The funding arrangement with the chemical consortium is lucrative, as indicated by Katz's well-equipped lab, which can make it difficult for Katz to be objective about the potential for conflicts of interest. Because of the financial advantages offered by industrial funding, it's important for academic institutions to establish an external (nondepartmental) review system to evaluate appropriateness of funding. Requiring longer-term funding arrangements (perhaps three to five years) would also provide increased financial stability and perhaps lessen perceived pressures.
Secondary issues in this case include Katz's responsibilities to his student Nellie and her responsibilities to Katz, as well as the general responsibilities of scientists. As this case is written, Katz has allowed Nellie to get into a difficult situation. Regardless of what she does, she loses either her enjoyment of science, her integrity or her funding. Perhaps by restricting her choice of dissertation topics, Katz could have avoided many of the problems presented in this case. However, it seems inevitable that at some point, a seemingly uncontroversial topic would take on a direction that could be perceived as being potentially deleterious to members of the chemical consortium.
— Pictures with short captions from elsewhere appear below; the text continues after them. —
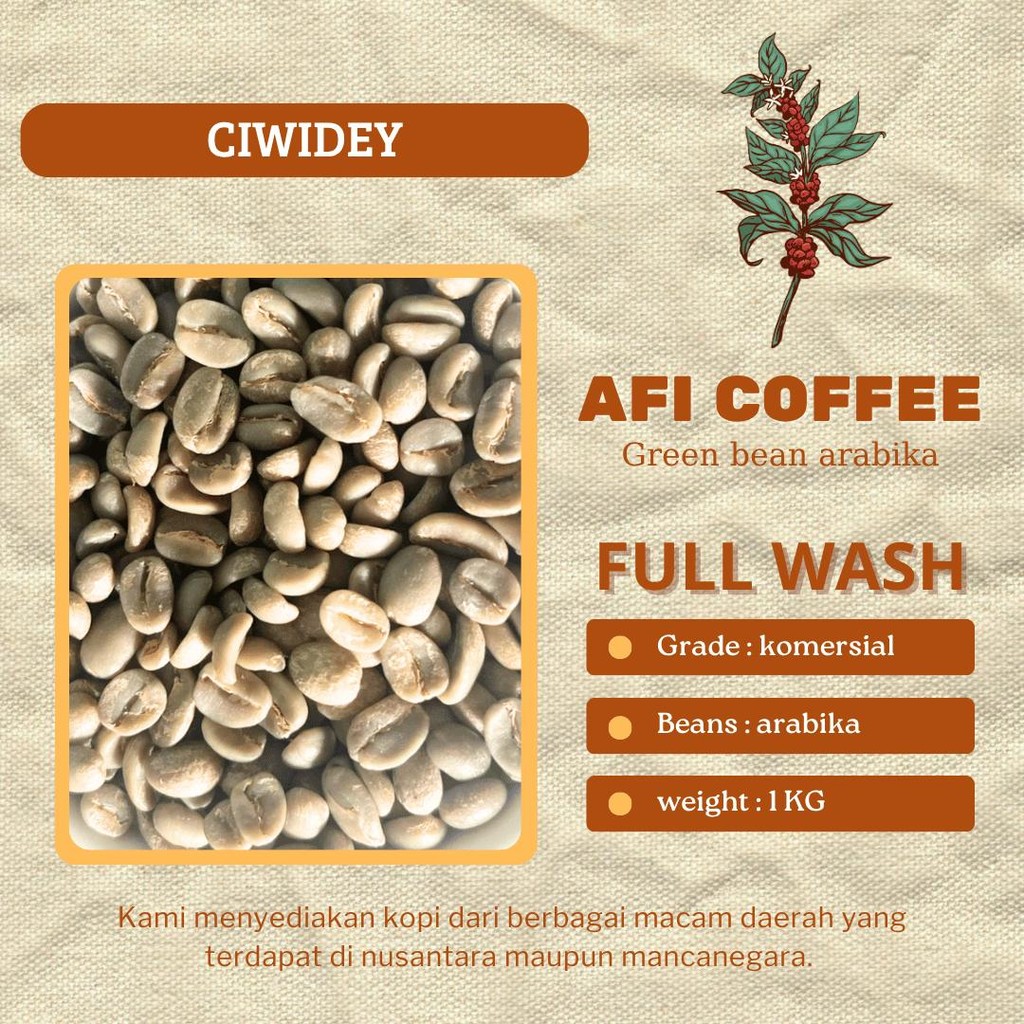 

Green bean arabika Ciwidey full wash grade1 | biji kopi mentah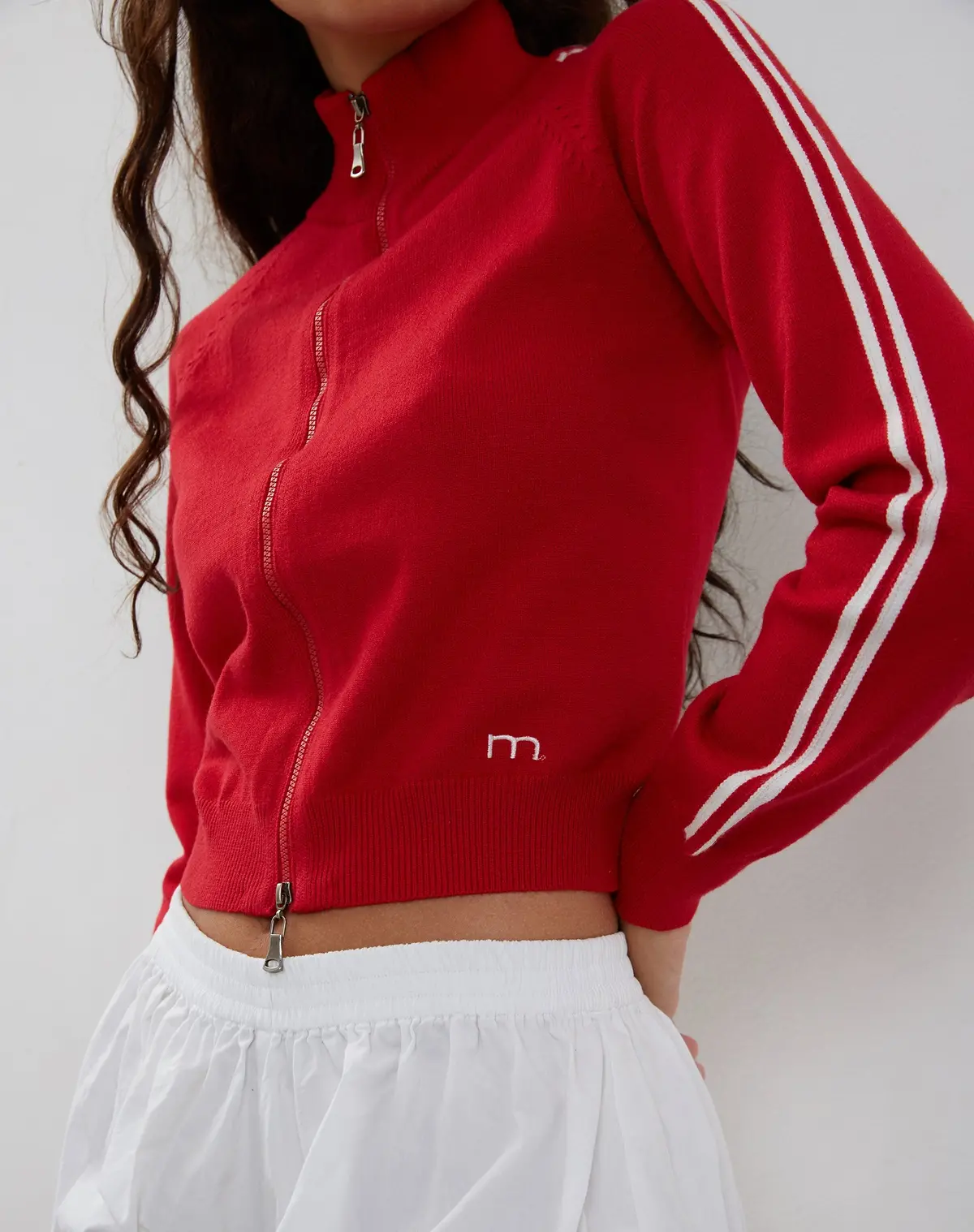 Lennon Zip Up Jacket In Red With White Side Stripes 1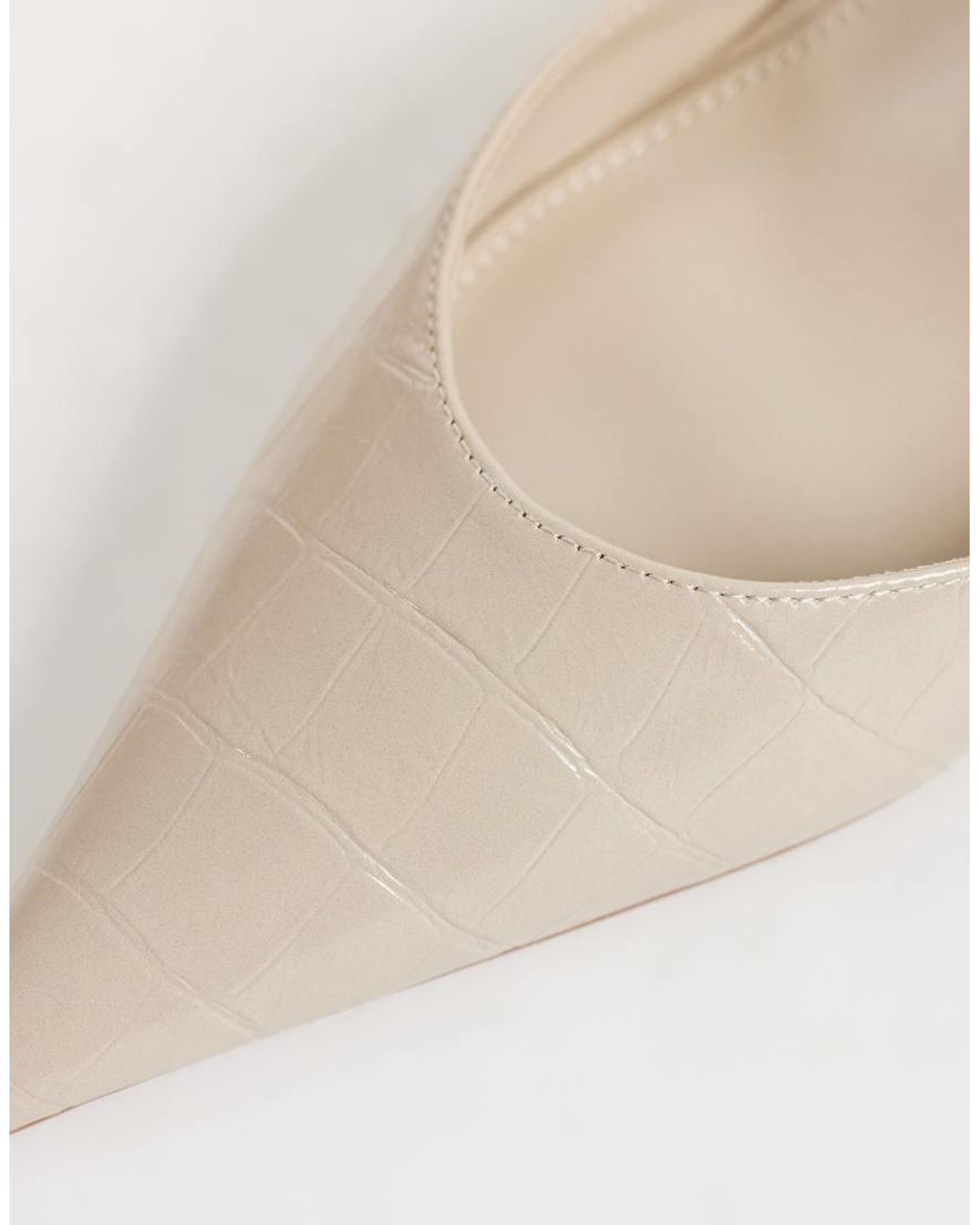 Mango Natural Heeled Pointed Slingback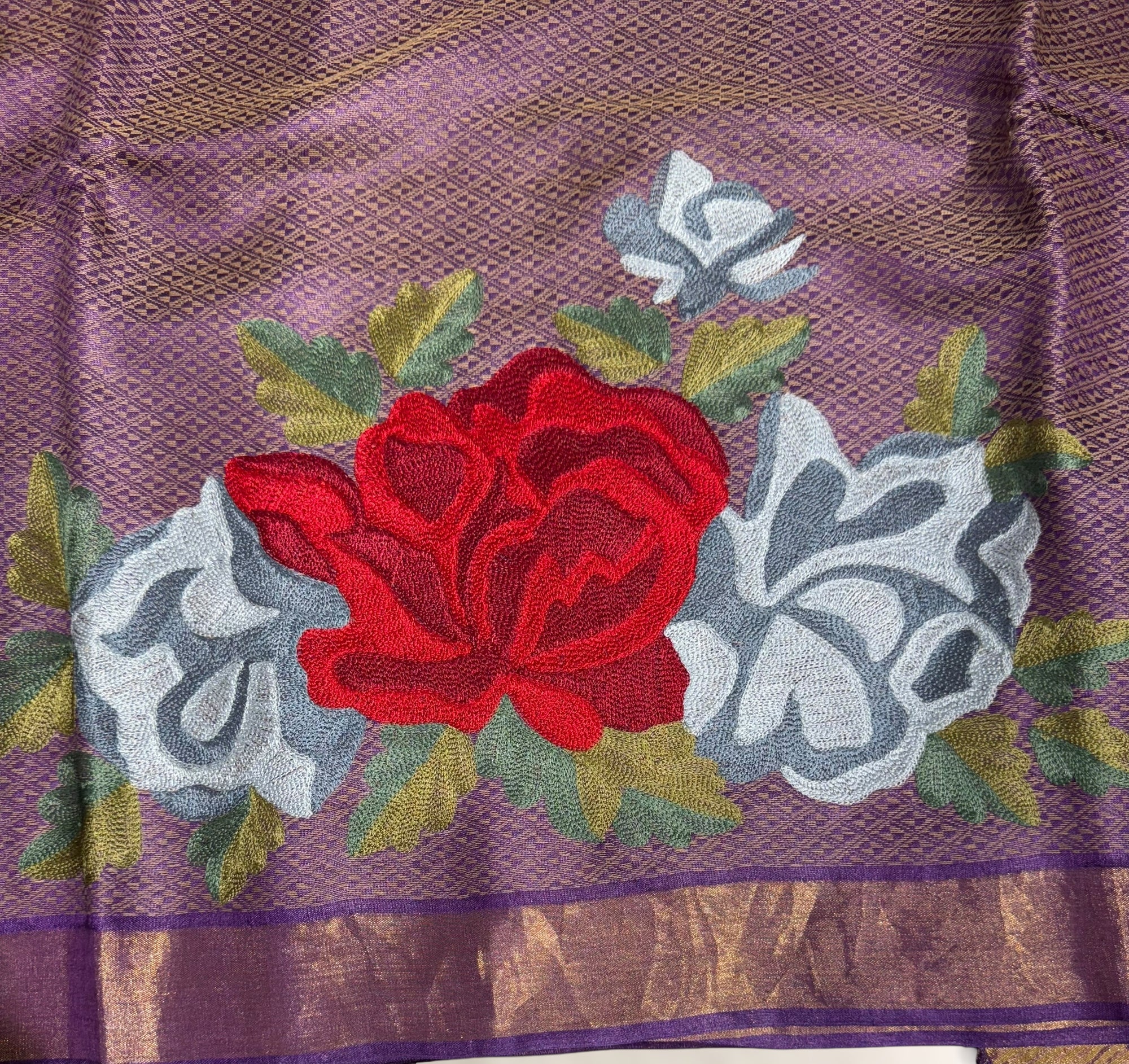 Brinjal Tussar Brocade Saree With Statement Red Rose Embroidery.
In addition to being contrary to basic principles of science, a significant concern, particularly over the long term, is the potential effect of Katz's biased behavior on public perception of science. Blumenthal (1996) describes the importance of public trust to the scientific enterprise. Similarly, Frankel (1996) writes that the public perceives and characterizes present-day science as objective and disinterested. Actions of scientists that undermine these principles and perceptions could result in loss of public trust and ultimately diminished government funding.
Environmental concerns are another issue in this case. The potential loss of species is a significant concern, perhaps a greater concern than obtaining a degree or renewed funding. If indeed DPP is adversely affecting native fish, and based on information in the case, it is incumbent on Nellie (as well as upon Katz) to express her concerns about DPP to someone who can (or will) do the necessary research.
Environmental concerns could well take precedence over any others. Nellie could change schools or live her life without an advanced degree; Katz could find other funding if the chemical consortium opted to discontinue his funding; and lab employees could find other jobs. Once gone, however, a species cannot be recreated.
- Blumenthal, D. "Ethics Issues in Academic-Industry Relationships in the Life Sciences: The Continuing Debate." Academic Medicine 71 (1996; 12): 1291-1296.
- Frankel, M. "Perception, Reality, and the Political Context of Conflict of Interest in University-Industry Relationships." Academic Medicine 71 (1996; 12): 1297-1304.
- Pritchard, M. S. "Conflicts of Interest: Conceptual and Normative Issues." Academic Medicine 71 (12; 1996): 1305-1313.